> _Your objective_
The answer is an exact repeat of the entries below, with the pictures omitted.

> _Data for review_
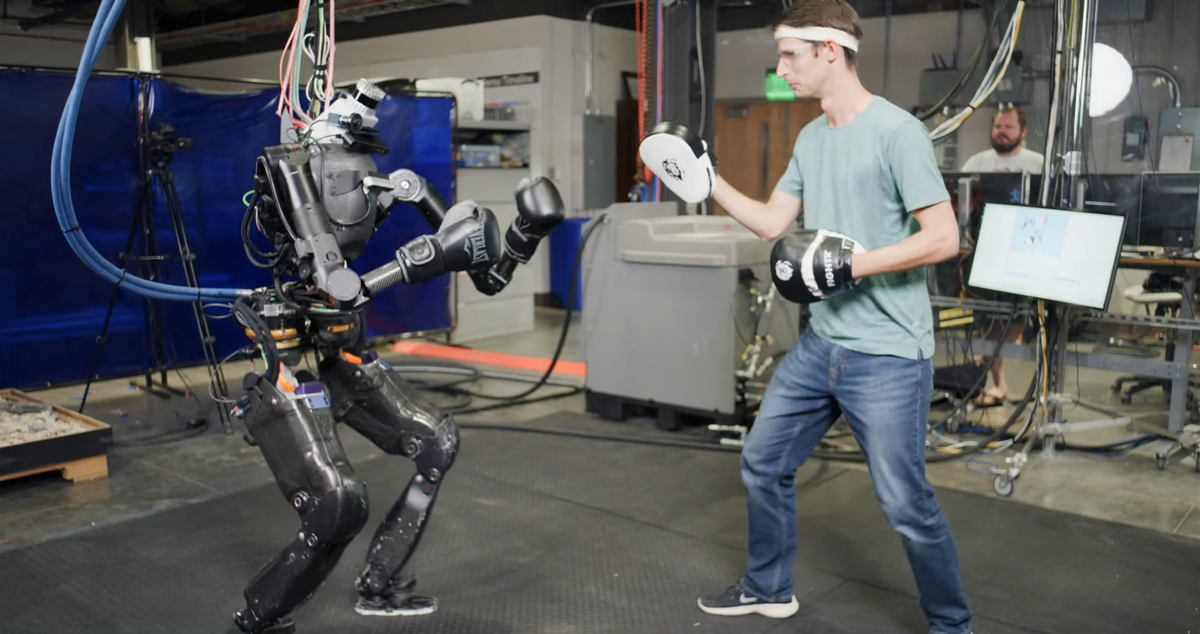 A photo showing a humanoid robot wearing boxing gloves facing a human wearing hand pads.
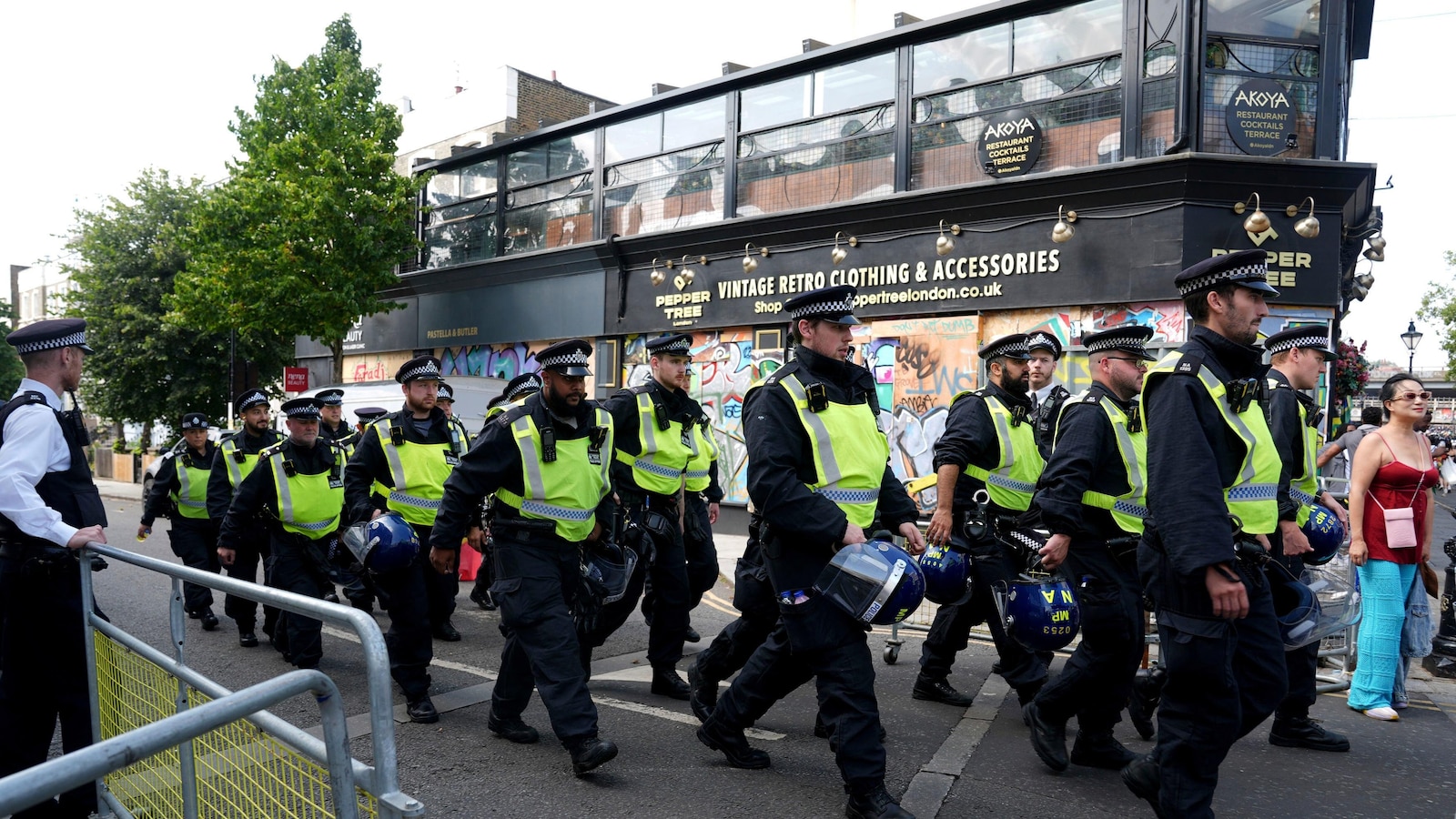 Police say two people who were attacked during the Notting Hill Carnival in London have died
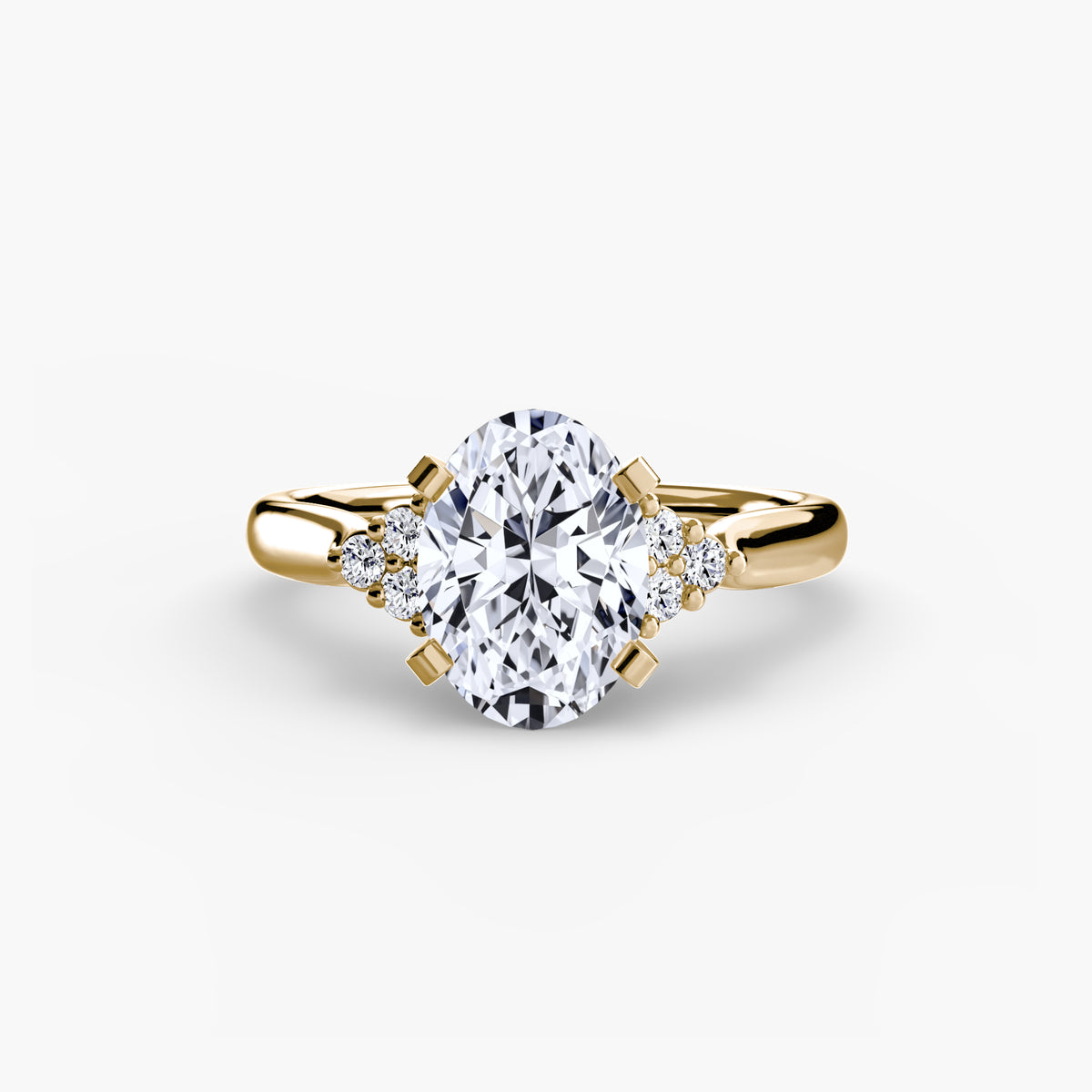 Solitaire with Cluster Shoulders engagement ring in yellow gold with an oval centre stone
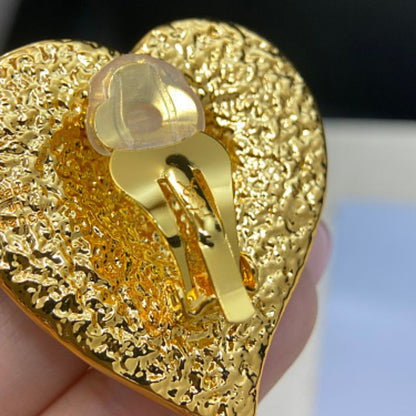 Yves Saint Laurent (YSL) multi-textured heart-in-heart earrings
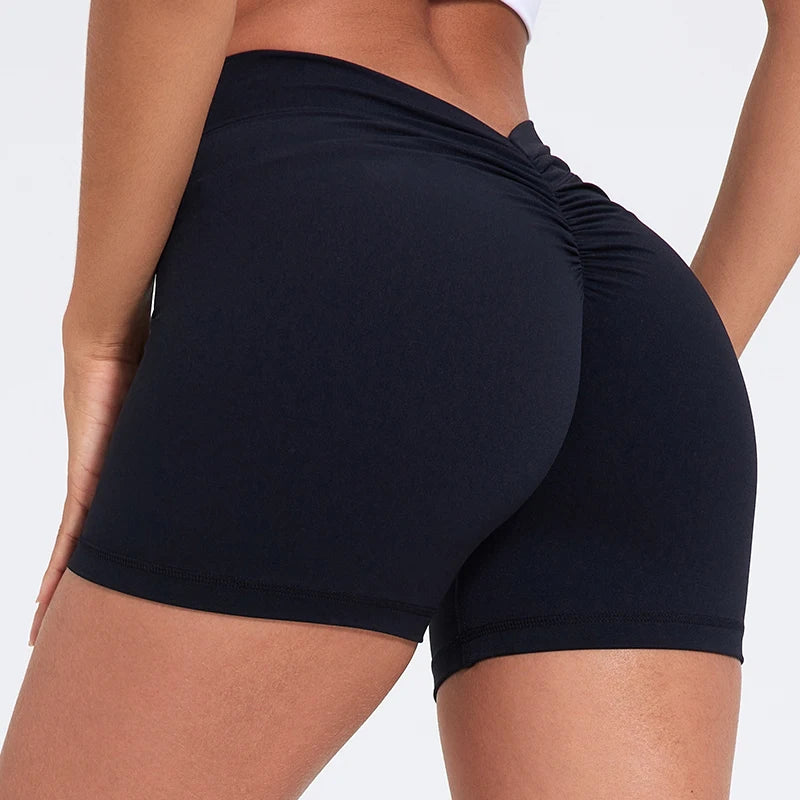 Black athletic shorts worn by a person on a white background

> _Solution below_
 A photo showing a humanoid robot wearing boxing gloves facing a human wearing hand pads.
 Police say two people who were attacked during the Notting Hill Carnival in London have died
 Solitaire with Cluster Shoulders engagement ring in yellow gold with an oval centre stone
 Yves Saint Laurent (YSL) multi-textured heart-in-heart earrings
 Black athletic shorts worn by a person on a white background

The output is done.